Tradição das lapinhas se mantém na Capital

Cada vez mais raras, as lapinhas ainda podem ser visitadas em algumas residências de bairros de Fortaleza

Escrito por Vanessa Madeira - Repórter ,
Legenda: O hábito de montar lapinhas em família, de forma totalmente artesanal, no período natalino, ainda resiste em alguns bairros da Capital
Foto: Foto: Thiago Gadelha

Na medida em que o Natal se aproxima, dona Raimunda da Costa começa os preparativos. Com cuidado, desembrulha peça a peça, e, aos poucos, vai construindo, ao lado dos filhos, todo o cenário no qual se passa a história do nascimento de Jesus.
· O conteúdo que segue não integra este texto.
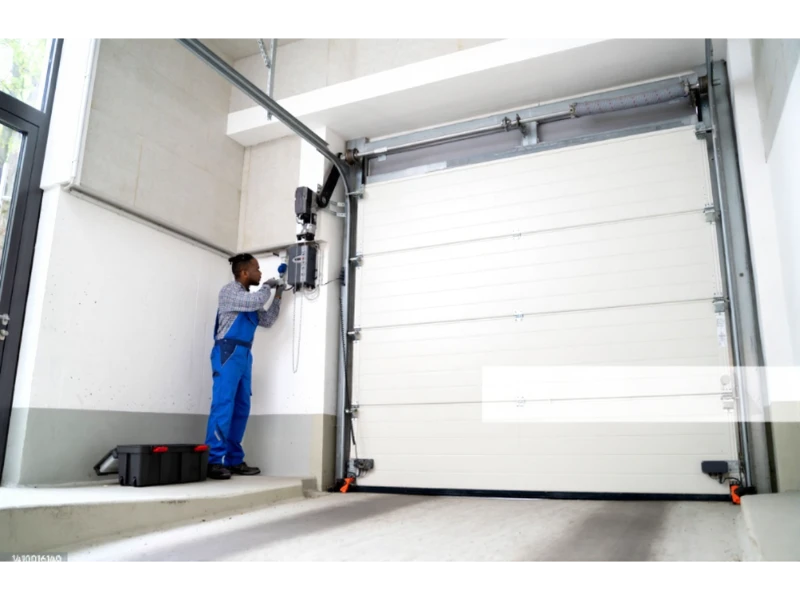 Garage Door Opener Installation in Alvin, TX - technician working on wall-mounted operator control box

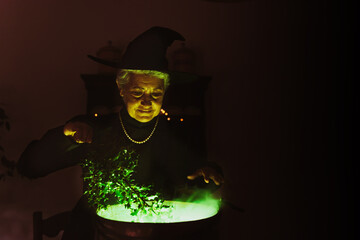 old witch making potions in a copper pot. older woman performing witchcraft.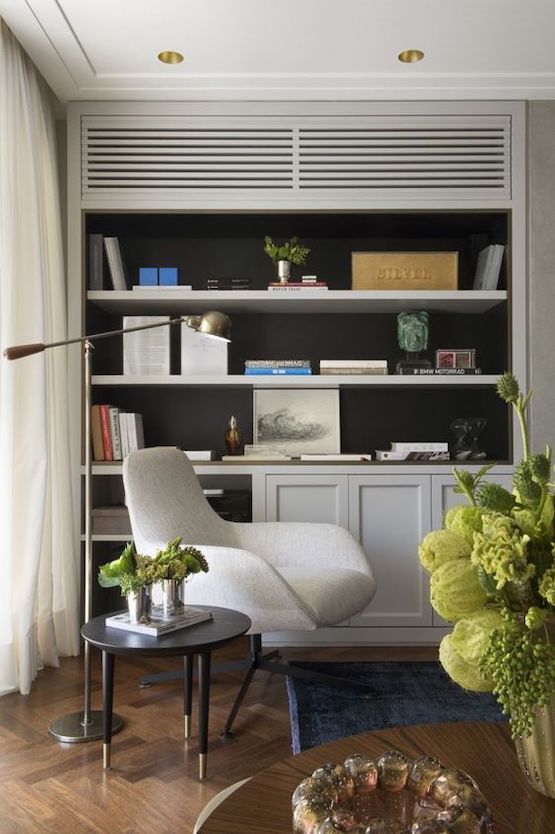 a living room filled with furniture and bookshelves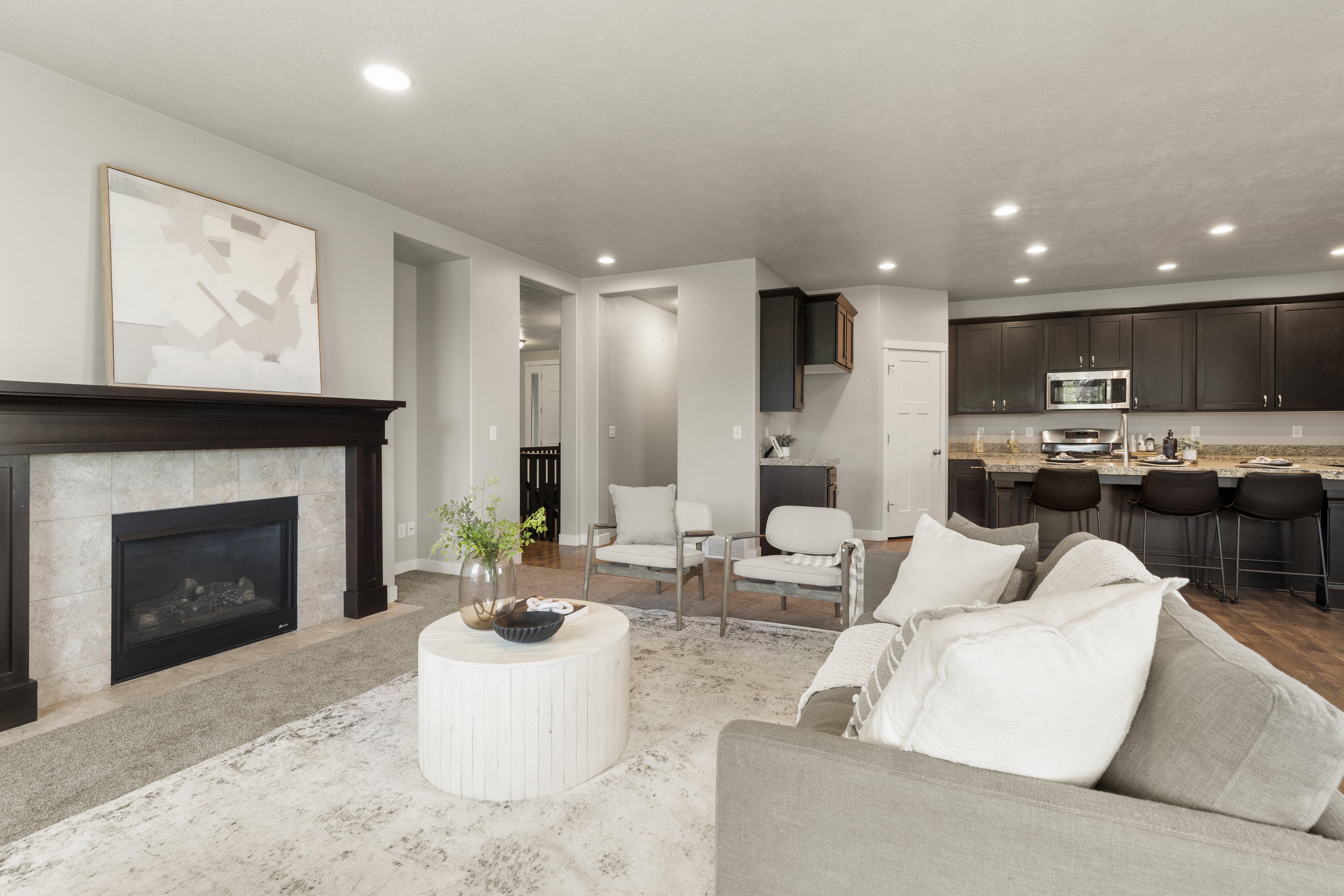 Living area featuring a fireplace with a dark wood mantel and tile surround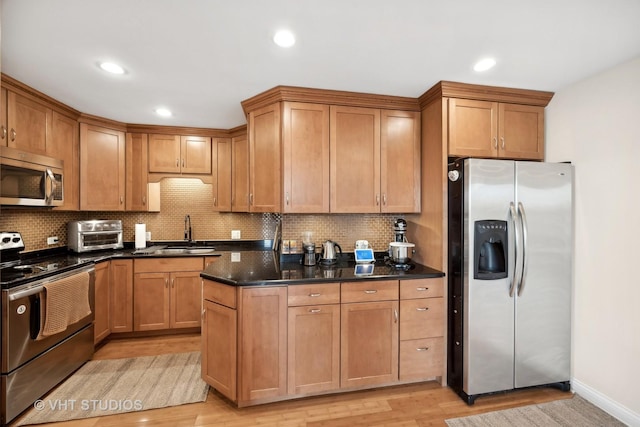 kitchen featuring tasteful backsplash, dark stone counters, stainless steel appliances, sink, and light hardwood / wood-style floors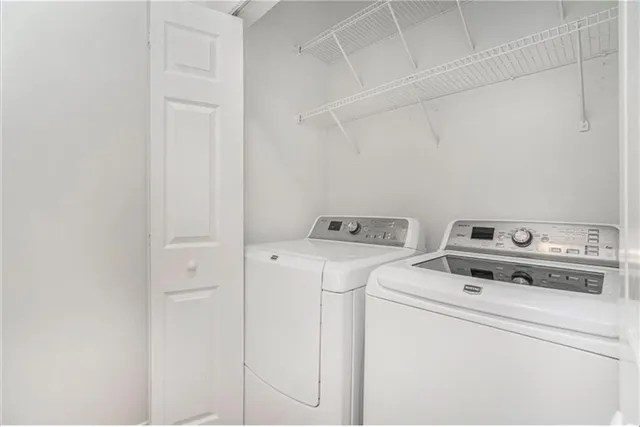 a view of washer and dryer with kitchen in the background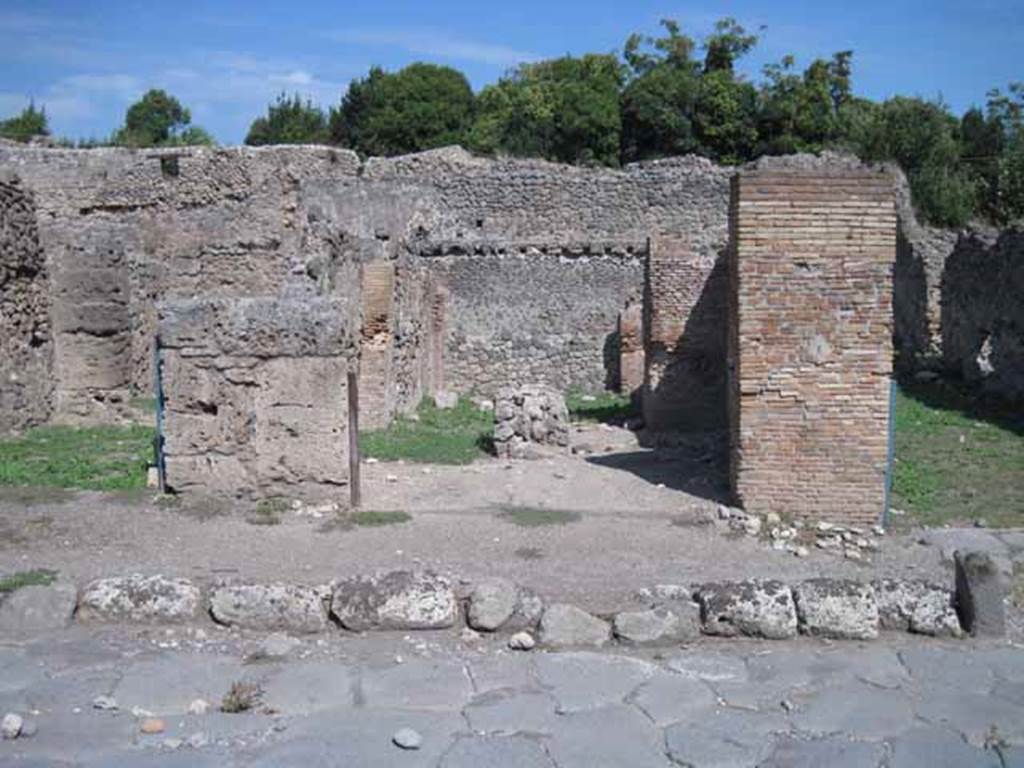 I.1.4 Pompeii. September 2010. Entrance, looking east east from Via Stabiana.Photo courtesy of Drew Baker.
According to Warscher, quoting Mau in Bull. Inst. 1875, p.29, 
I.1.4/5 - Mentre le localit servivano per i carri e per il bestiame da tiro e come camere da letto, lungo la strada, a sinistra dello ingresso, stanno altre localit (nos.4 and 5) che evidentemente servivano da caupona per i carrettieri e per altri avventori.  Vi sono due locali con larga apertura sulla strada, a guisa di botteghe, congiunte mediante una porta, e in ciascuno di cui d unaltra stanza con apertura larga anchessa, queste ultime non congiunte fra di loro, mentre quella meridionale ha una porta su quel locale per cui si passa nel cortile. In mezzo al locale anteriore no.4 si trova una tavola di materiale piuttosto piccola, sulla quale si metteva senza dubbio una tavola pi grande di legno per mangiare.  Avanti alla porta del locale no.5 e lungo il muro laterale della casa adiacente, che sporge un poco nella strada, vi  una panca di materiale, quale trovammo avanti alla caupona (also see I.1.6/9)
See Warscher T., 1936. Codex Topographicus Pompeianus: Regio I.1, I.5. (no.13), Rome: DAIR, whose copyright it remains.
(translation: While the locality served for wagons and animals and as sleeping accommodation, along the road, to the left of the entrance, were other places (nos. 4 and 5) that evidently served as caupona for the carters and other patrons.  There were two rooms with a wide opening onto the road in the guise of shops, joined through a door, and in each of which had another different room also with a wide opening, these last did not join each other, while the southern one had a door which passed into the courtyard.  In the middle of the front room of no. 4 was a table of material, rather small, on which one would undoubtedly have placed a larger wooden table for eating. Before the door of the premises no. 5 and along the side wall of the adjacent house, which protruded a little into the street, there was a bench of material, which was found before the caupona.)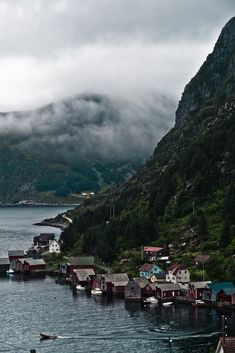 a body of water surrounded by mountains and houses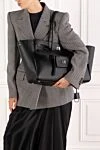 Women's Bel Air Carry All Bag Large Black Balenciaga - Decoration: embossed Balenciaga Paris logo, logo engraved on the clasp. Material: 100% calf leather. Dimensions: 44 X 30 X 19 CM. Strap length: adjustable shoulder strap. Handle length: two handles (height: 24 inches). wide front pocket, 2 internal zipped pockets, . 2 internal flat pockets. twist lock. Country of manufacture: Italy. Care: specialized cleaning - photo 2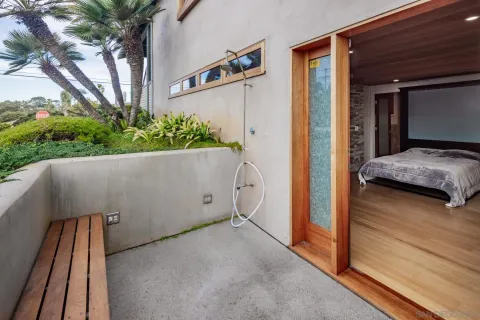 an aerial view of a house with balcony and garden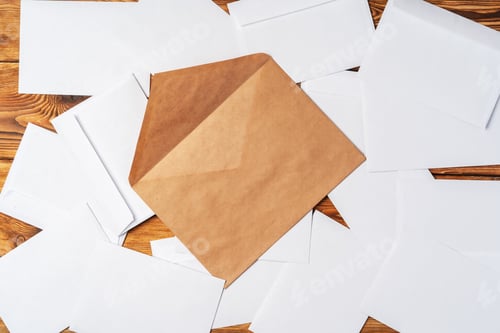 Preview: Stack of envelopes on working desk top view. Business mail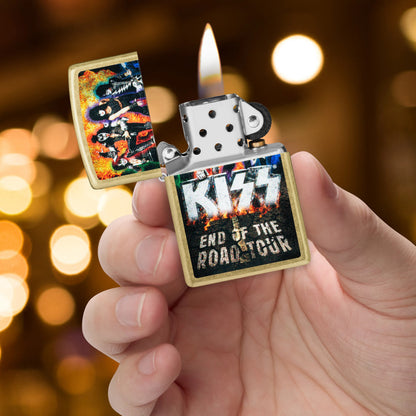 Zippo KISS® End of the Road Design Street Brass Windproof Lighter lit in hand.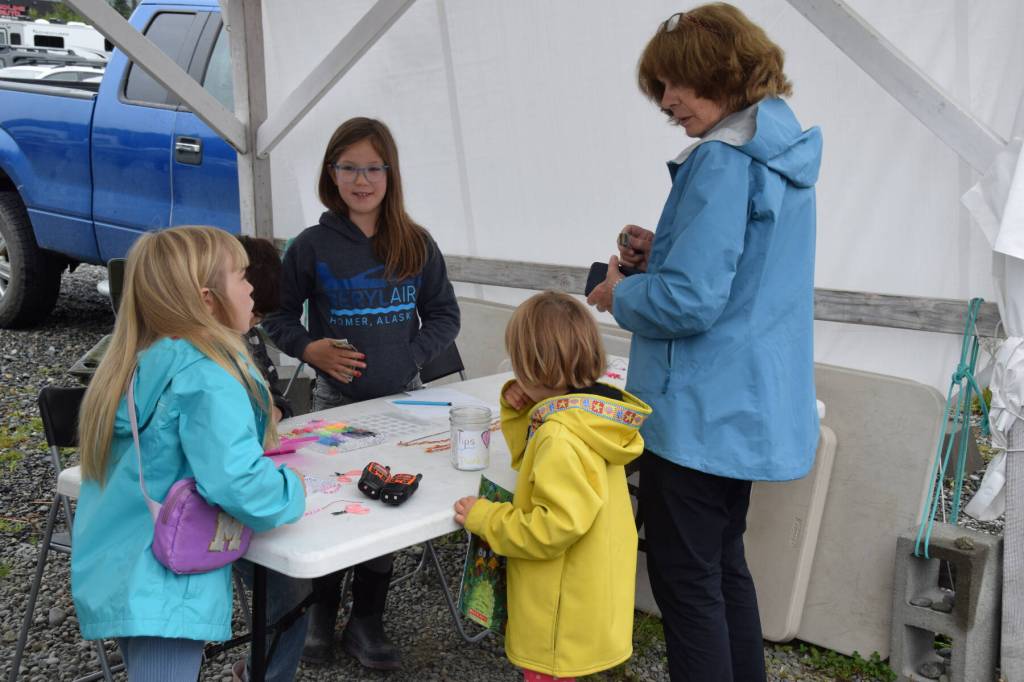 A patron speaks to youth vendors at their Homer Farmers Market booth during Kids Vending Day on Wednesday, Aug. 13, 2025, in Homer, Alaska. (Delcenia Cosman/Homer News)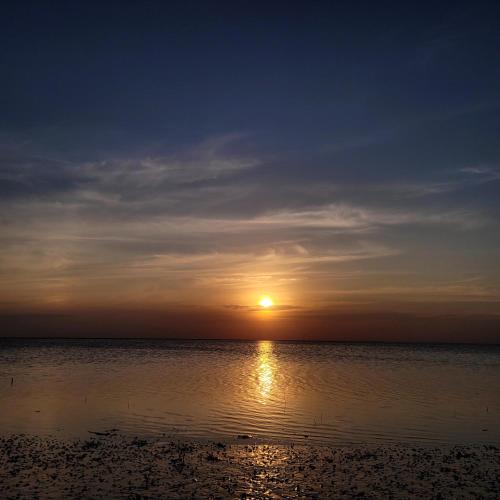 a sunset on the beach with the sun setting at The Sanctum in Talaimannar
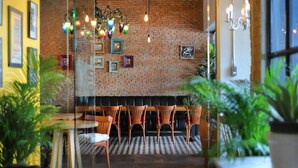 Un restaurant aux murs de briques, aux luminaires suspendus, aux tableaux encadrés et aux chaises en bois.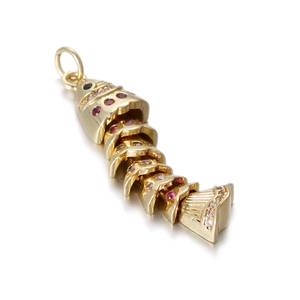 Detailed view of flexible articulated fish pendant with red and white crystal inlays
Em sua casa, a tradição das lapinhas, quase perdida, se mantém há 69 anos e já virou grande atração no bairro do Mucuripe, onde mora com a família.

"Quando eu tinha só cinco anos de idade, uma senhora na rua da casa dos meus pais fazia lapinhas lindas e eu sempre pensava: 'Quando crescer, vou montar uma igual na minha casa'. Assim que me casei, quando completei 20 anos, comecei minha própria tradição", lembra.

O presépio, montado sobre uma mesa de mais de 2 metros de largura na garagem de casa, retrata toda a narrativa natalina, desde a perseguição do rei Herodes aos recém-nascidos, e a busca de Maria por um lugar para dar à luz, até a visita dos reis magos após a chegada de Jesus. O trabalho requer tempo e paciência. Para isso, dona Raimunda conta com a ajuda dos filhos. "Dá muito trabalho. Tem que trazer a areia, montar as casinhas, os personagens, colocar a fiação, a iluminação. Mas fica lindo no final", garante ela.

Depois de pronta a lapinha, a família abre as portas de casa para visitação. Além da própria comunidade, moradores de outros bairros da cidade vão ao local para conhecer o famoso presépio de dona Raimunda. O auge da atração acontece no dia 25, quando ela e os filhos promovem uma tarde de festa na rua em que vivem, reunindo adultos e crianças para comemorar o Natal. Na ocasião, os pequenos recebem de presente brinquedos doados por voluntários.

Aos 91 anos, dona Raimunda espera que os filhos, netos e bisnetos mantenham o costume cultivado há quase sete décadas: "Isso aqui é minha vida. Toda família adora, então acredito que a tradição vai continuar".

No bairro Jacarecanga, as lapinhas também se perpetuam pelo esforço da família Freire. O costume foi iniciado pela matriarca, que aprendeu o trabalho artesanal ainda criança. A tradição acabou repassada à irmã mais velha de dona Enoi Freire, mas, após sua morte, nos anos 1960, os demais parentes por pouco não abandonaram a prática. "No ano em que minha tia morreu, minha mãe não quis fazer. Mas, numa noite, ela teve um sonho quem minha tia pedia para ela não deixar morrer a tradição. Ela resolveu dar continuidade e, desde então, nunca mais parou", conta Ione, filha de dona Enoi.

Com 88 anos, dona Enoi deixou a cargo dos filhos a montagem do presépio, já famoso nas ruas da Jacarecanga. A construção começa em novembro e leva cerca de um mês para ser concluída. O trabalho, realizado de forma inteiramente artesanal, uma das exigências da família. "Disso a gente não abre mão. Foi assim que minha mãe aprendeu e assim que ela nos ensinou. Faz parte da tradição", diz Ione.

Outro hábito é colocar o menino Jesus na manjedoura apenas na meia-noite do dia 24, quando todos chegam da missa de Natal. "Para nós, a importância de continuar essa tradição é homenagear Jesus. Na nossa família, o Natal só tem sentido quando paramos para refletir sobre a presença do menino Jesus e a mensagem que ele trouxe de paz, perdão e amor", conclui.